##### INPUT DATA #####
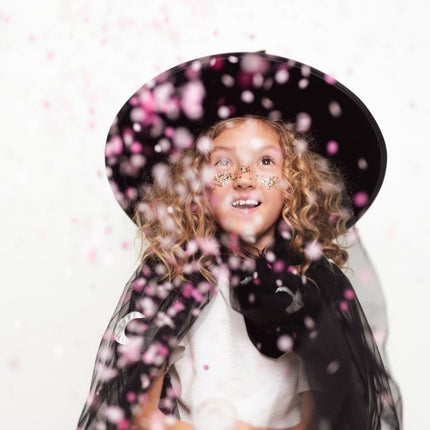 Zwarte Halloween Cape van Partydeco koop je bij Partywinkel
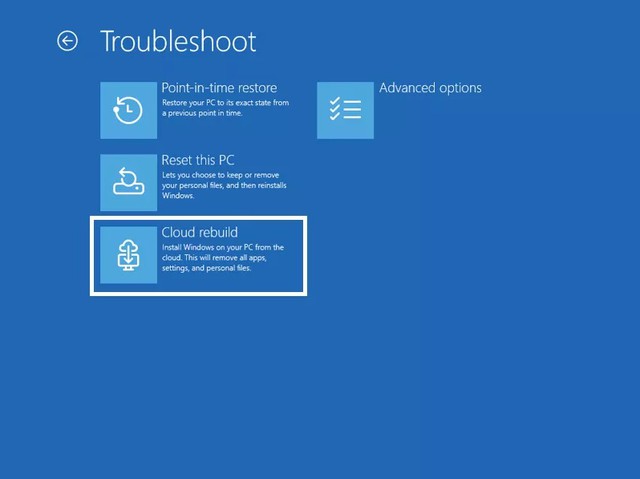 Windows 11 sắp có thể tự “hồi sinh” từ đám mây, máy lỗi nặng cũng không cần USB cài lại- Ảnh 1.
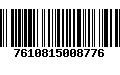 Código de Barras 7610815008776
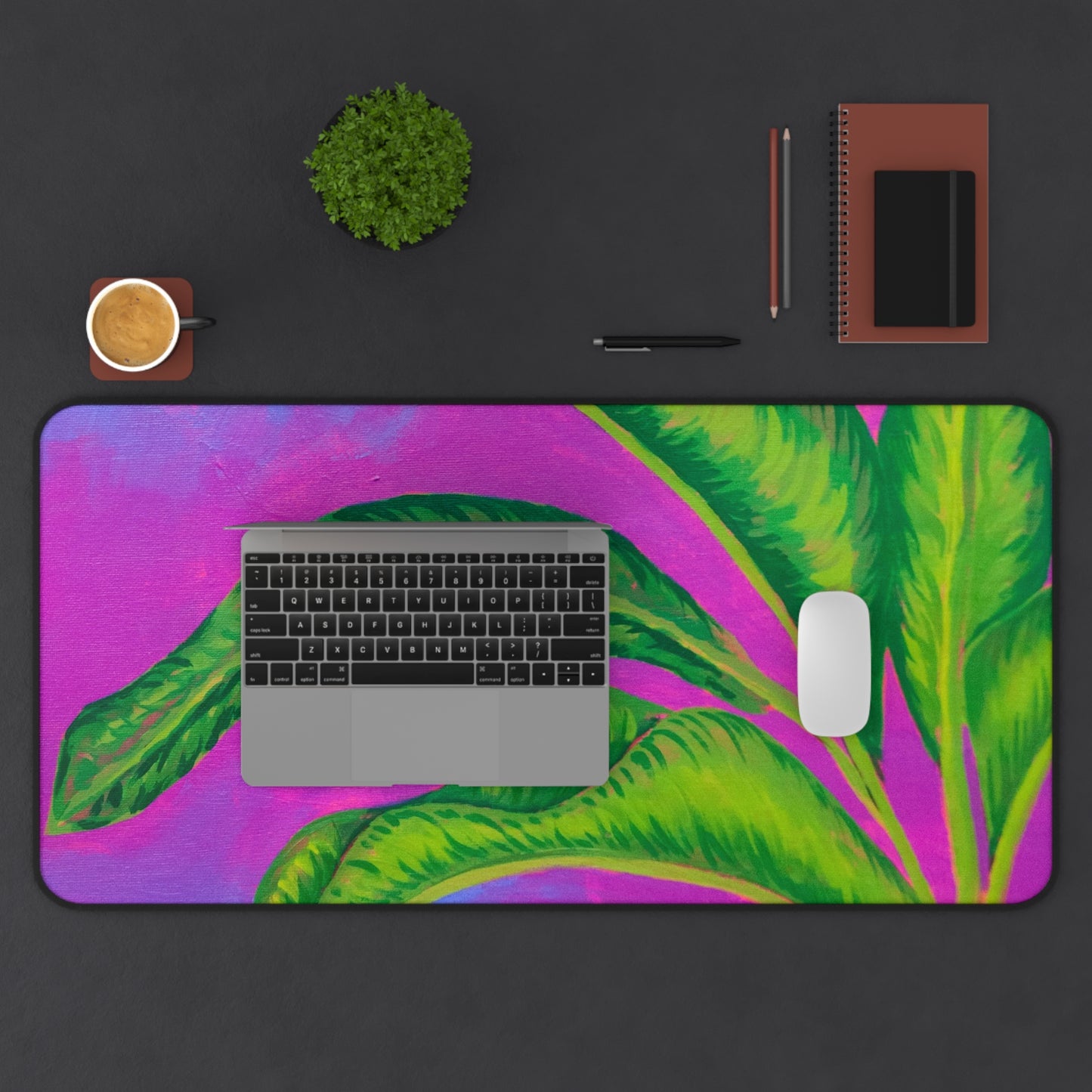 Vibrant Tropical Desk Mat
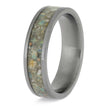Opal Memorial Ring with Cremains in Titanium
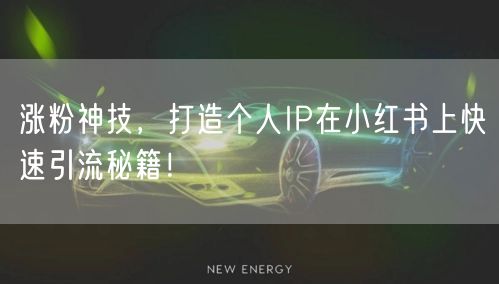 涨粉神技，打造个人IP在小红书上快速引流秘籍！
#####
##### INPUT DATA #####
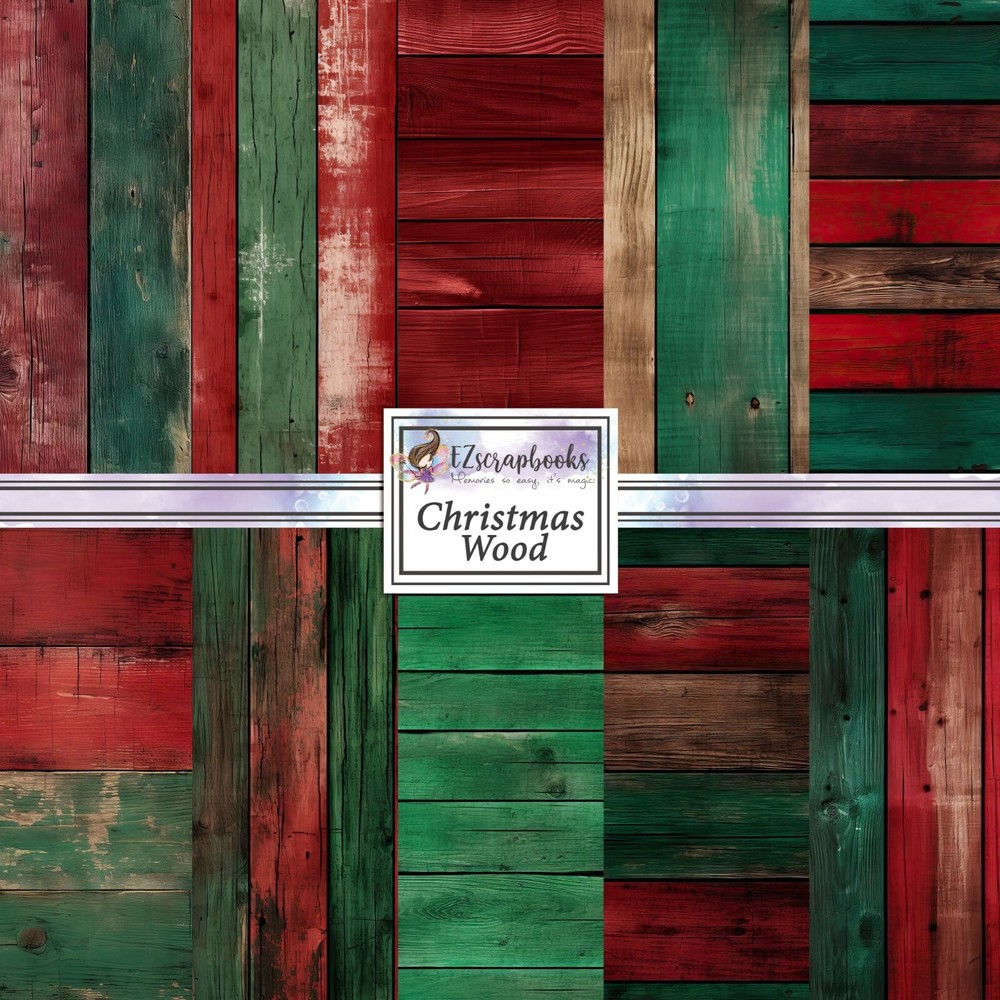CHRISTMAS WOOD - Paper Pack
#####
##### INPUT DATA #####
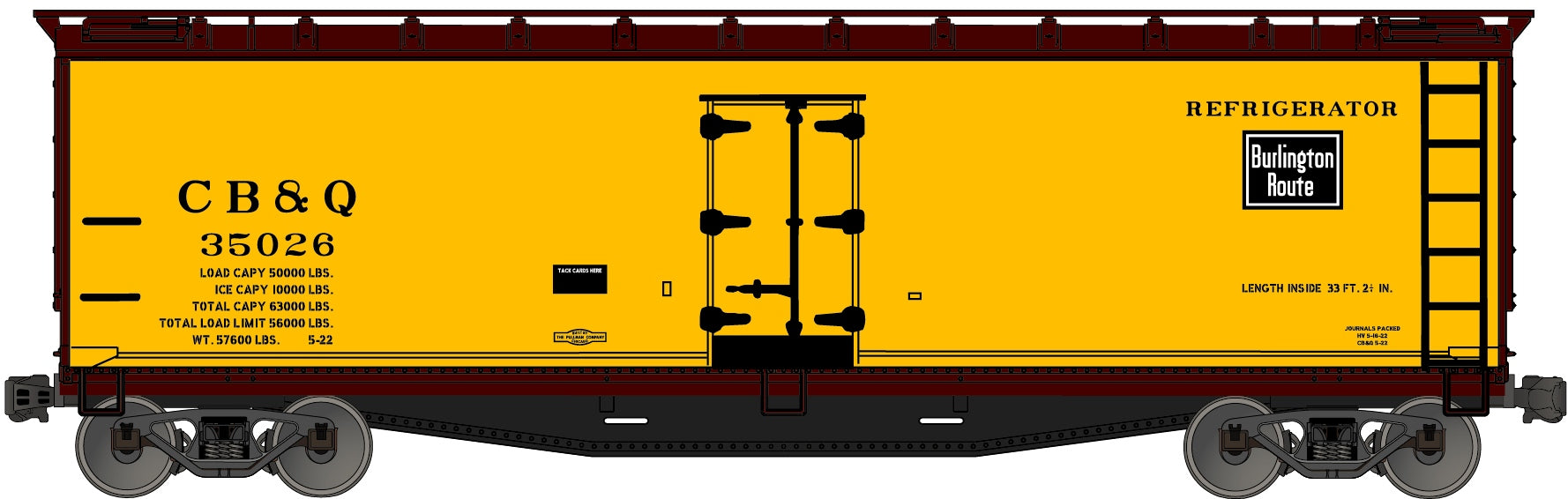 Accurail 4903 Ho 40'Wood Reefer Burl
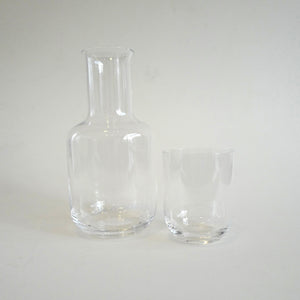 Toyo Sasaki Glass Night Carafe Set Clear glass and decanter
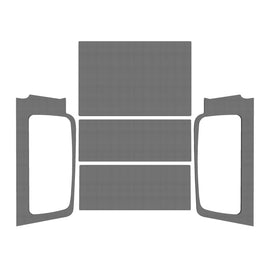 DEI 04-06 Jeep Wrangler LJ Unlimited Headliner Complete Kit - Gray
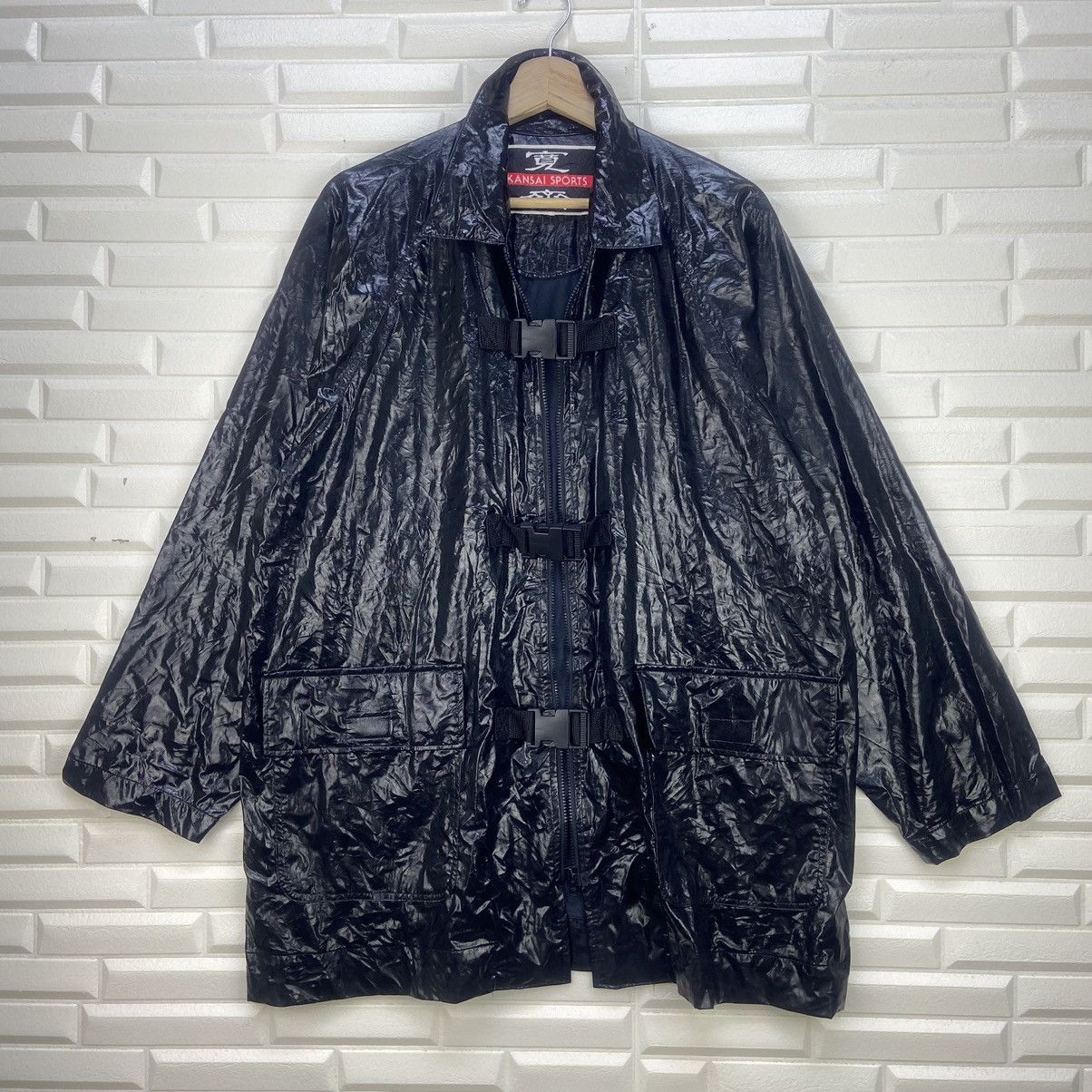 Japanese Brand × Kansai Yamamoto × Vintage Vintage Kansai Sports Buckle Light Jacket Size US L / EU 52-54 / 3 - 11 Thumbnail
#####
Copy everything above from the line holding "Zwarte Halloween Cape" down to the line holding "涨粉神技，打造个人IP在小红书上快速引流秘籍！", both ends included, exactly as it stands and without the pictures.

 Zwarte Halloween Cape van Partydeco koop je bij Partywinkel
 Windows 11 sắp có thể tự “hồi sinh” từ đám mây, máy lỗi nặng cũng không cần USB cài lại- Ảnh 1.
 Código de Barras 7610815008776
 Vibrant Tropical Desk Mat
Opal Memorial Ring with Cremains in Titanium
 涨粉神技，打造个人IP在小红书上快速引流秘籍！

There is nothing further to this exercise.